There's good news and there's bad news in my opening repertoire.

The good news
Because I hated the queen's gambit declined (QGD), I tried an unsound gambit (a variation of the Englund) for a while. I really liked it, as it lead to kooky open games. But it also is a bit tense. Since I've been playing the Caro Kann as black against e4, I realized I might as well play the Slav as black against d4. They have similar pawn structures, both are quite solid (neither will ever be "broken" by white), and neither requires a ton of memorization (in particular I have found this true in the Slav, where playing natural moves leaves me with good games).

These similar pawn structures show me something about myself: I hate having the "problem" of where to develop my light-squared bishop. As in the French, so in the QGD, you typically lock in that poor guy early on and then fight to find a place for him. That turned me off to the damned French. The Caro is the solution to that problem. The same logic applies in the Slav as compared with the QGD.

The bad news
As white, I'm almost happy with my repertoire. I like the Smith-Morra (a lot) against the Sicilian. Against the French as white, I'm thinking of taking up the Tarrasch variation instead of the Alapin gambit. Again, trending toward more solid openings, with an emphasis on good pawn structure from the start.

My main remaining problem, then, is that my Danish gambit (1 e4 e5 2 d4!?) doesn't score all that well. On the positive side, the Danish is nice because it basically forces black to play my game, but I'm realizing that it weakens my pawn structure too much, leaving me in a scramble to find an attack before I reach a losing endgame.

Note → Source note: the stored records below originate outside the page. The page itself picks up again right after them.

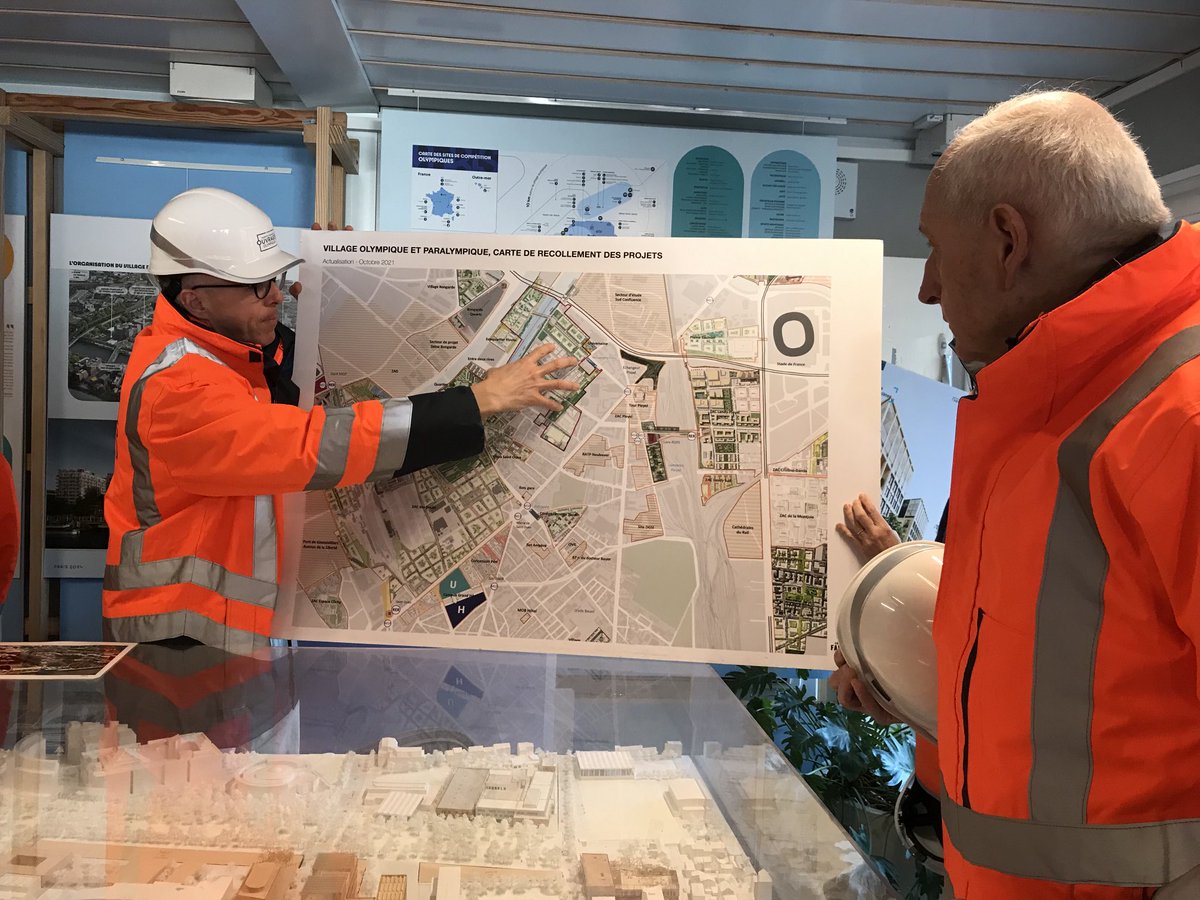 DIGES_fr's tweet photo. Les équipes de la #DIGES #DIJOP réunies ce matin au cœur du spectaculaire chantier du village des athlètes ⁦@Paris2024⁩ 
⁦@SOLIDEO_JOP⁩ ⁦@Ferrand_N⁩ ⁦@AOC1978⁩ ⁦@Sports_gouv⁩ https://t.co/LYRxy2McVR
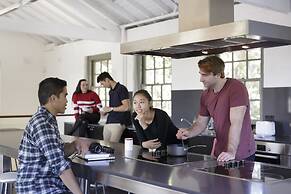 Unsw Village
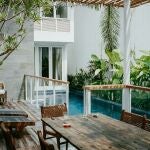 Adiós a las piscinas tradicionales: esta es la nueva tendencia para tu jardín en 2025 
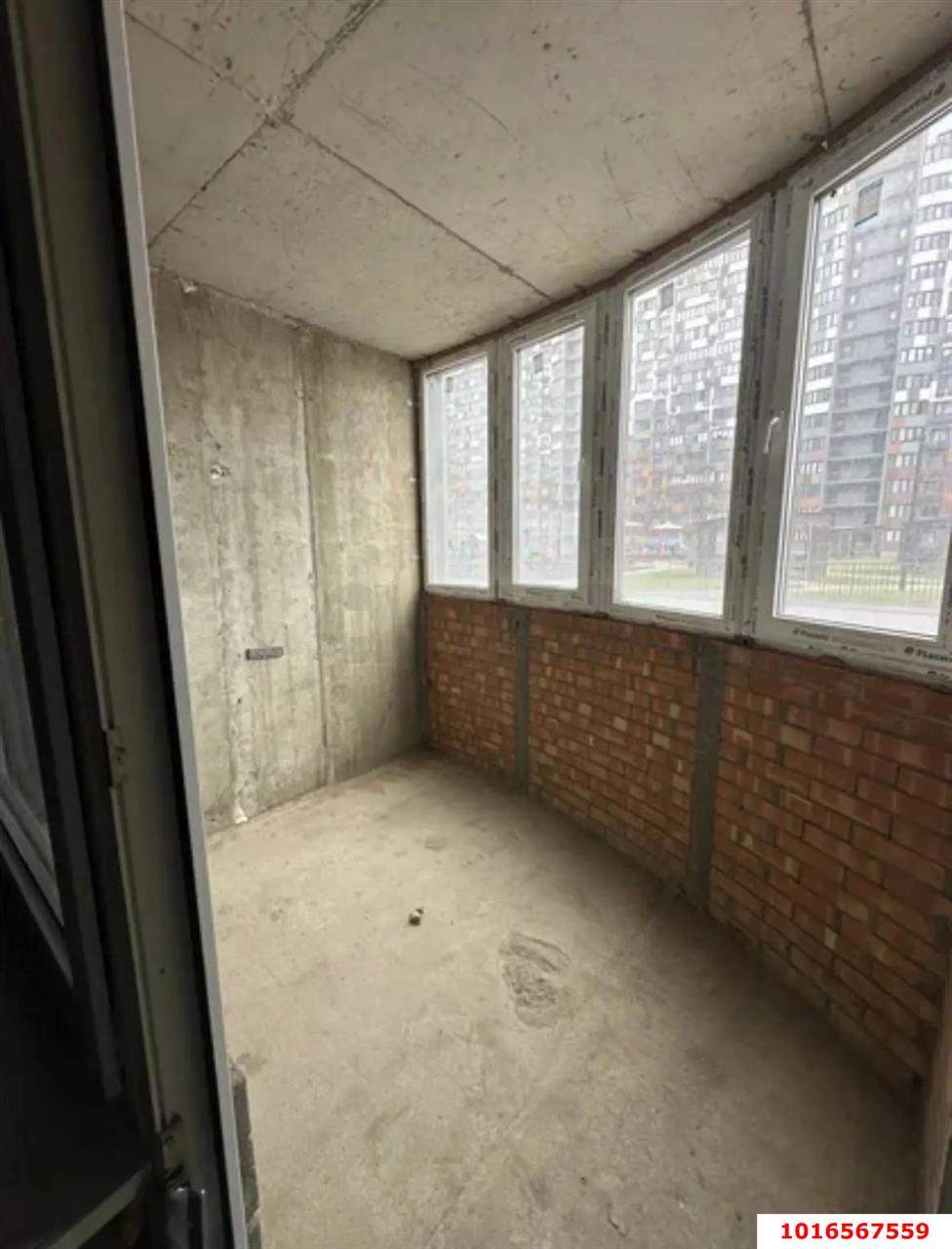 Фото №4: 1-комнатная квартира 40 м² - Краснодар, Прикубанский внутригородской округ, Калинино, мкр. Завод Радиоизмерительных Приборов, ул. Кирилла Россинского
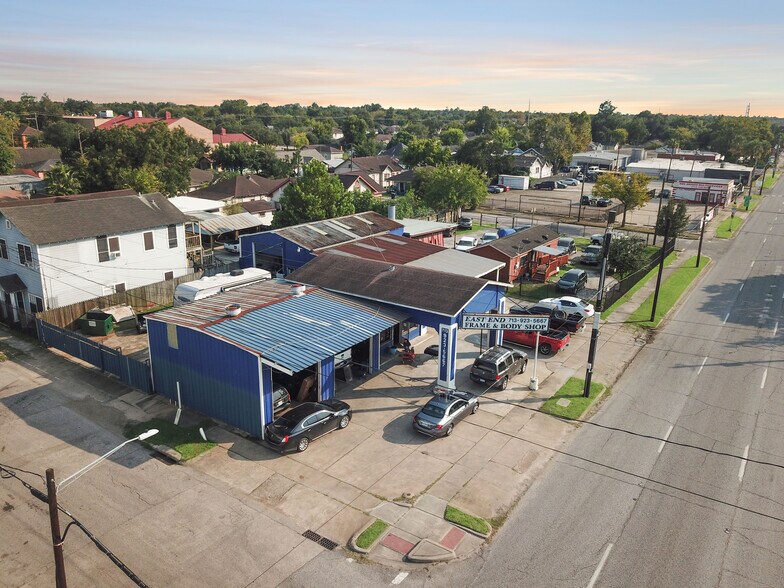 More Photos Of 1106 Wayside Dr, Houston Auto Repair For Sale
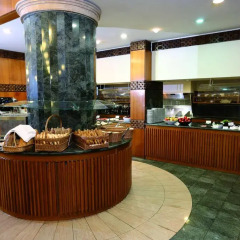Отель Danubius Health Spa Resort Heviz Венгрия, Хевиз - 5 отзывов об отеле, цены и фото номеров - забронировать отель Danubius Health Spa Resort Heviz онлайн питание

The problem is, I hate all the damned variations that come with the standard white openings like the Ruy. I've considered the Scotch, but then I'd still have to deal with the Petroff, the Philidor, and that whole early deviation bullshit. Is there any escape?

I want something offbeat, but solid in response to e5. The less memorization required the better, i.e., I want to be able to play natural moves and end up in a decent position, and don't want to navigate a 20 ply tightrope on every variation just to get to += (that is, no King's Gambit). That's not to say I don't want a gambit: I am quite happy with the Smith-Morra. I just tend to like openings that are sort of "systems" where there is a general strategy you follow most games unless the opponent deviates in unusual lines.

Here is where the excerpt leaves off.